Io e Marilyn
 
 
 
 
di Leonardo Pieraccioni
con Rocco Papaleo, Francesco Guccini, Massimo Ceccherini, Biagio Izzo, Leonardo Pieraccioni
 
 
   
Leonardo Pieraccioni, si sa, non è più un ragazzo; l’atteggiamento da eterno sbarbato, un po’ farfallone e sognatore, che insegue chimere e belle donne evidentemente gli va un po’ stretto. Io e Marilyn è il suo tentativo di svincolarsi da questo stereotipo ormai consunto. Questa premessa è doverosa, perché se qualcuno si aspetta il solito tripudio di gag e situazioni spassose, tipiche del cinema di Pieraccioni, potrebbe rimanere deluso. A dir la verità, il film è comunque divertente; protagonisti simpatici, azzeccati, esilaranti (su tutti l’accoppiata Laurenti-Ceccherini ed il mitico Papaleo), qualche scena da ridarola pura (la cena romantica), altri personaggi di contorno tutti da scoprire (la caserma di carabinieri è un autentico luogo di perdizione).

L’ingrediente in più rispetto al passato è rappresentato dal personaggio di Marilyn (la bellissima e maldoppiata Suzie Kennedy), autentico emblema del mondo perduto che noi uomini vorremmo far tornare sulla Terra. Marilyn Monroe viene infatti evocata durante una seduta spiritica dal buon Gualtiero (Leonardo Pieraccioni), un brav’uomo lasciato dalla moglie, spiritoso e malinconico, con una figlia da crescere in mezzo alle difficoltà della vita quotidiana; il nuovo compagno della sua ex moglie tra l’altro, uno spaccone di prima categoria di nome Pasquale (Biagio Izzo), non rende semplice la convivenza della "famiglia allargata". L’apparizione di Marilyn sembra poter dare un equilibrio, paradossalmente, all'esistenza un po’ turbata di Gualtiero: non prima, certo, di averne causato sconquassi e tremendi guai. Dal sospetto di essere diventato pazzo quindi, il mite protagonista passerà alla certezza di aver vissuto un’esperienza memorabile.

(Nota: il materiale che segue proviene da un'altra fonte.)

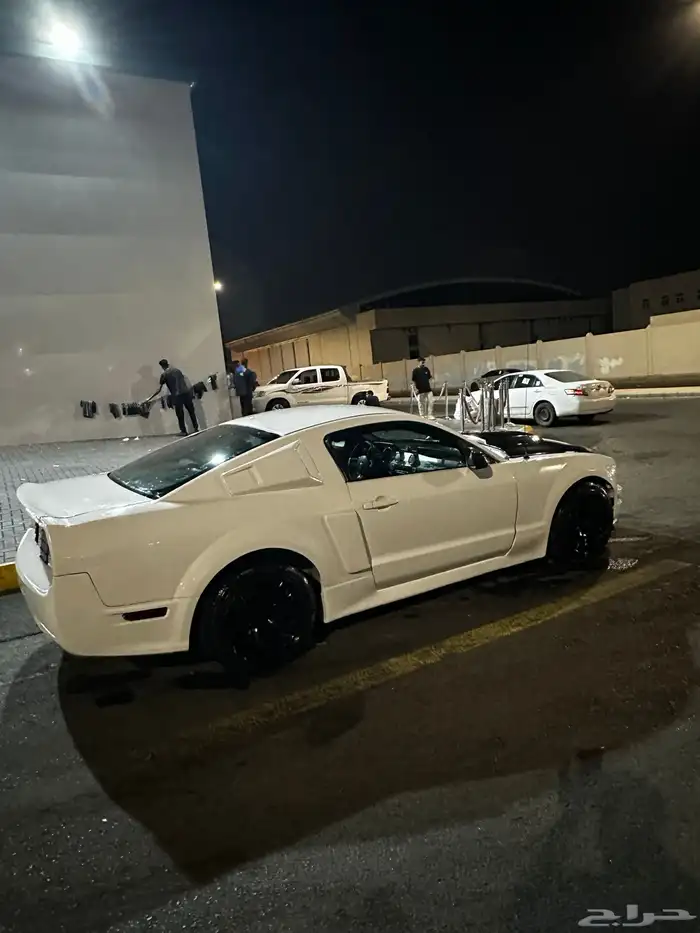 موستنج 18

Il nocciolo della questione è che se stiamo bene con noi stessi, anche chi ci sta intorno ne trae beneficio. Ma è tutto qui? Non esattamente, perché la figura di Marilyn è portatrice, oltre che di ottimi consigli, di un messaggio più ampio, più profondo, decisamente più intimo: l’attrice più famosa della storia del cinema rappresenta tutte quelle persone alle quali, ogni giorno, dedichiamo un pensiero, una preghiera, un momento di riflessione. Ci sarebbe da discutere per ore sul finale del film, che lo stesso Pieraccioni ha ammesso di aver cambiato in corso d’opera; ma questo va necessariamente fatto dopo la visione del film, è chiaro. Godetevi questa pellicola così lontana dai soliti cinepanettoni: non vi farà sbellicare dalle risate, ma lascerà un piccolo segno. Anche se il Pieraccioni farfallone continua a farsi preferire. (Carlo Stocchetti)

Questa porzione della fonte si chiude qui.